Le radici che nutrono e fanno respirare: ne parla Antonietta Potente

Questa è la nona edizione degli Incontri di Pensiero, dice il Presidente Alessandro Augelli nella presentazione: teniamo duro, in un periodo di pensiero semplificato che parla alla pancia. Ed è inserita in un programma più ampio perché fare comunità significa anche includere la comunità cittadina.
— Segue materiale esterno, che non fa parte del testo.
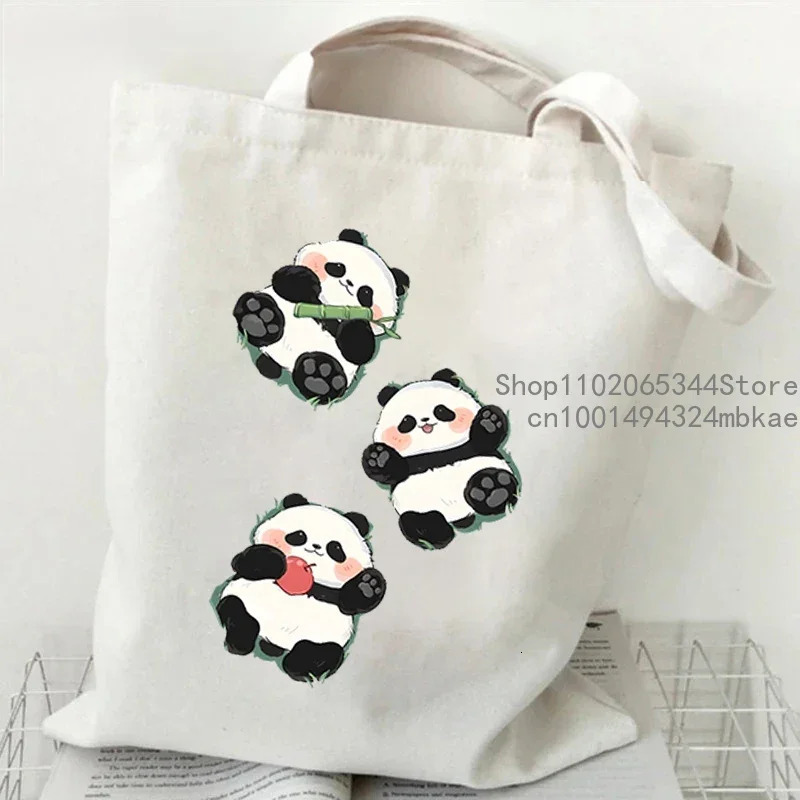 Cartoon Panda Pattern Canvas Shoulder Bag Women Portable Versatile Storage Cute Animal Shopping Bags Teen Girl Handbag 260307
E tante, davvero tante sono le persone arrivate alla Sala Capretti per il primo appuntamento. C’è chi conosce già la relatrice (“ho letto tutti i suoi libri”) e chi invece è venuto sulla fiducia, perché gli Incontri di Pensiero sono sempre una sollecitazione da raccogliere.
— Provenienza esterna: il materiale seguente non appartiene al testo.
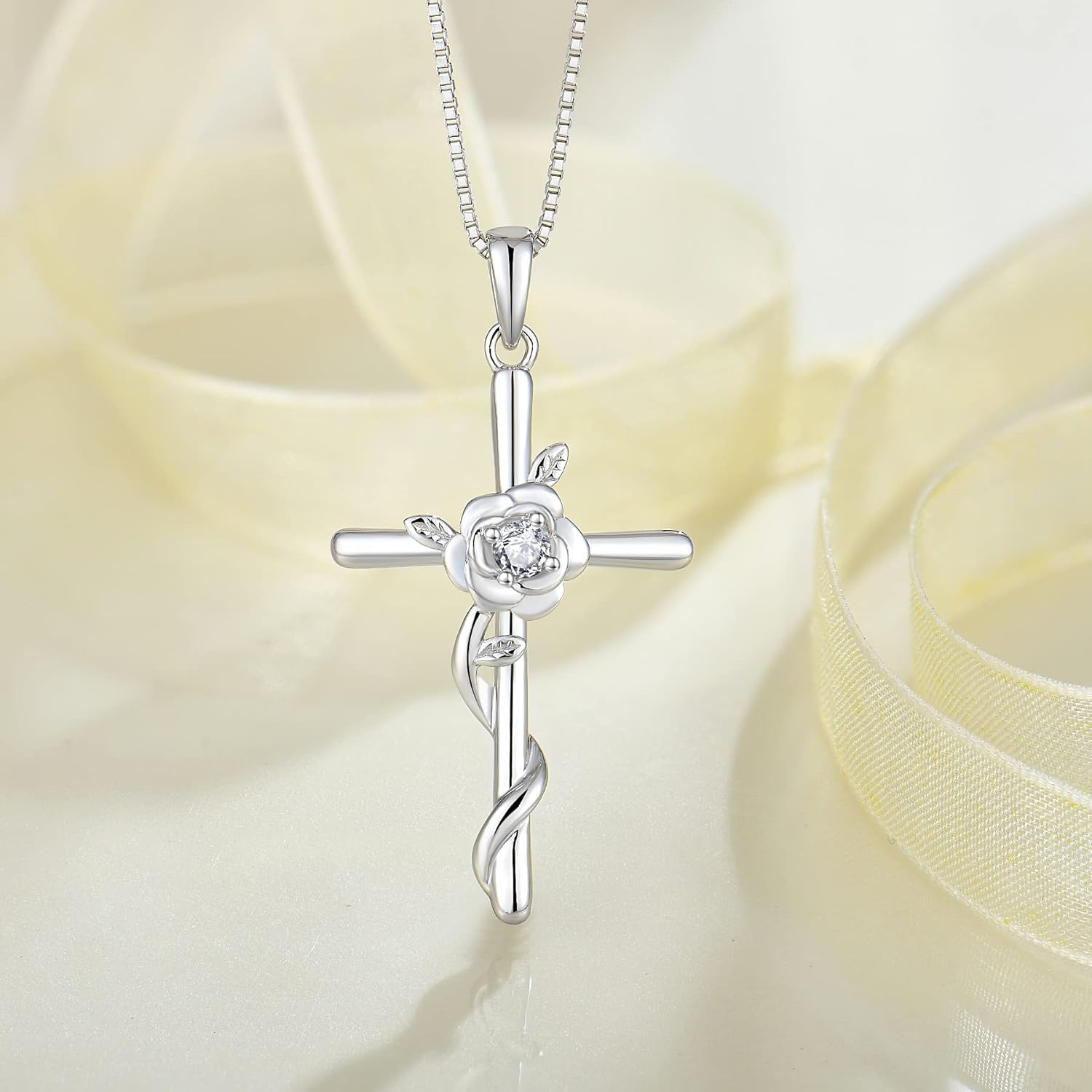 Cross Necklace for Women 925 Sterling Silver Rose Flower Birthstone Pendant Crucifix Faith Religion Necklace Created Gemstone Jewelry Gifts for Women Wife Girlfriend Mother Daughter Her - Image 4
Mariella Bombardieri introduce Antonietta Potente confermando che scrive di testa e di cuore, non certo di pancia; è sempre in viaggio, sempre in ricerca – ricerca che non compie mai da sola, proprio come faceva don Piero Verzeletti.
E la relatrice riflette con noi sulle parole chiave del tema che le abbiamo proposto: guardarsi dentro è essenziale, l’atto di guardare permette di andare in profondità ed è lì che troviamo le radici: radici che nutrono, radici che àncorano. Non si tratta però di tornare alle radici, in un malinteso ritorno al passato come reclamano tanti al giorno d’oggi.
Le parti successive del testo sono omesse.